[Records from a dataset]
[Start of Attachment]

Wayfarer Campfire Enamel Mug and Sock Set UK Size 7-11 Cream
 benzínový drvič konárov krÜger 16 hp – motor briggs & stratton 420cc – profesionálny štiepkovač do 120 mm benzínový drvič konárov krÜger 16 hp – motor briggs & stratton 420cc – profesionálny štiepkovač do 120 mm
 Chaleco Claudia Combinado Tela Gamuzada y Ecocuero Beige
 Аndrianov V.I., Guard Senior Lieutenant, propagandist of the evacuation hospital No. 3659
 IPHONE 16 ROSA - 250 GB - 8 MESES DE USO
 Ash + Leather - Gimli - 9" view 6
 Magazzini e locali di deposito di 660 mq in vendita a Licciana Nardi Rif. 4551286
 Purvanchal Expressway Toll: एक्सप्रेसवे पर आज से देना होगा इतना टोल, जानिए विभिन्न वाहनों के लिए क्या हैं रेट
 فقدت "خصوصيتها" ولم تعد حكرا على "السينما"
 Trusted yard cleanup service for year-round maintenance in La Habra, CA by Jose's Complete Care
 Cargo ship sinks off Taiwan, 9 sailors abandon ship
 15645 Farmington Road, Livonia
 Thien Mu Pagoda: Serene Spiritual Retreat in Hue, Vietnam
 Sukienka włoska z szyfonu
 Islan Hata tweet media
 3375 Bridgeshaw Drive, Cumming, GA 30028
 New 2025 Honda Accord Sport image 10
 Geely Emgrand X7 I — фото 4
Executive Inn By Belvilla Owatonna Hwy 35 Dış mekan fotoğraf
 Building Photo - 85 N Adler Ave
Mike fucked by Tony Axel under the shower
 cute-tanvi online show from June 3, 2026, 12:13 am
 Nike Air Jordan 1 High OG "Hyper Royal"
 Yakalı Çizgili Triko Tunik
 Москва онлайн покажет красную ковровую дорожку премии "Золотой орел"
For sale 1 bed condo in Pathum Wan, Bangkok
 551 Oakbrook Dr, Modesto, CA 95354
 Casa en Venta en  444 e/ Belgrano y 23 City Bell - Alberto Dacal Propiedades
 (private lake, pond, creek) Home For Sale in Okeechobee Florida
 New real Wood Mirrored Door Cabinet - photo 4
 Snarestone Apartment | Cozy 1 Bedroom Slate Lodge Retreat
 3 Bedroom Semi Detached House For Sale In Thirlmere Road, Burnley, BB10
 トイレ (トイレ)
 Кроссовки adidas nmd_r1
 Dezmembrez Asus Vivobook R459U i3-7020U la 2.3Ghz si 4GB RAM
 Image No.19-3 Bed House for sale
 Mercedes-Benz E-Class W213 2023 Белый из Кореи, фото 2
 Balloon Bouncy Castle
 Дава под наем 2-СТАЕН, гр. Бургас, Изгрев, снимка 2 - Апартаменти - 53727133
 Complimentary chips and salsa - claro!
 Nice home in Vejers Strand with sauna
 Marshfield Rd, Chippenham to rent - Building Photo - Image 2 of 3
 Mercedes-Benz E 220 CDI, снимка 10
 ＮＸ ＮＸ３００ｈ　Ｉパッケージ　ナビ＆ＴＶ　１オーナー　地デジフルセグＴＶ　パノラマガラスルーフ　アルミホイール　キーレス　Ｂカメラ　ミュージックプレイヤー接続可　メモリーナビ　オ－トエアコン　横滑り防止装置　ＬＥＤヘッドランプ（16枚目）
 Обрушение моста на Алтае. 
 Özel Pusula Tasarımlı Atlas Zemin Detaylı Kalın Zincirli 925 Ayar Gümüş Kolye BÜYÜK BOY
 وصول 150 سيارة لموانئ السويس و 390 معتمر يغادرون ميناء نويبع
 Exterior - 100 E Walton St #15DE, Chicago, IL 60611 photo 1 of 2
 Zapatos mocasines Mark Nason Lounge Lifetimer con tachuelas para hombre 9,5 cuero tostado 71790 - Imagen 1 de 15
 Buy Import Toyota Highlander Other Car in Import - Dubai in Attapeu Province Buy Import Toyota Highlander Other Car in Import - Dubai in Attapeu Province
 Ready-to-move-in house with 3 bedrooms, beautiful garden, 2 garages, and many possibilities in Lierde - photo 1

[End of Attachment]

# ASSIGNED TASK
A verbatim transcription is needed of the lines above, starting at the line with "Executive Inn By" and ending at the line with "Özel Pusula Tasarımlı", both included, and of nothing else.

# RESPONSE AREA
Executive Inn By Belvilla Owatonna Hwy 35 Dış mekan fotoğraf
 Building Photo - 85 N Adler Ave
Mike fucked by Tony Axel under the shower
 cute-tanvi online show from June 3, 2026, 12:13 am
 Nike Air Jordan 1 High OG "Hyper Royal"
 Yakalı Çizgili Triko Tunik
 Москва онлайн покажет красную ковровую дорожку премии "Золотой орел"
For sale 1 bed condo in Pathum Wan, Bangkok
 551 Oakbrook Dr, Modesto, CA 95354
 Casa en Venta en  444 e/ Belgrano y 23 City Bell - Alberto Dacal Propiedades
 (private lake, pond, creek) Home For Sale in Okeechobee Florida
 New real Wood Mirrored Door Cabinet - photo 4
 Snarestone Apartment | Cozy 1 Bedroom Slate Lodge Retreat
 3 Bedroom Semi Detached House For Sale In Thirlmere Road, Burnley, BB10
 トイレ (トイレ)
 Кроссовки adidas nmd_r1
 Dezmembrez Asus Vivobook R459U i3-7020U la 2.3Ghz si 4GB RAM
 Image No.19-3 Bed House for sale
 Mercedes-Benz E-Class W213 2023 Белый из Кореи, фото 2
 Balloon Bouncy Castle
 Дава под наем 2-СТАЕН, гр. Бургас, Изгрев, снимка 2 - Апартаменти - 53727133
 Complimentary chips and salsa - claro!
 Nice home in Vejers Strand with sauna
 Marshfield Rd, Chippenham to rent - Building Photo - Image 2 of 3
 Mercedes-Benz E 220 CDI, снимка 10
 ＮＸ ＮＸ３００ｈ　Ｉパッケージ　ナビ＆ＴＶ　１オーナー　地デジフルセグＴＶ　パノラマガラスルーフ　アルミホイール　キーレス　Ｂカメラ　ミュージックプレイヤー接続可　メモリーナビ　オ－トエアコン　横滑り防止装置　ＬＥＤヘッドランプ（16枚目）
 Обрушение моста на Алтае. 
 Özel Pusula Tasarımlı Atlas Zemin Detaylı Kalın Zincirli 925 Ayar Gümüş Kolye BÜYÜK BOY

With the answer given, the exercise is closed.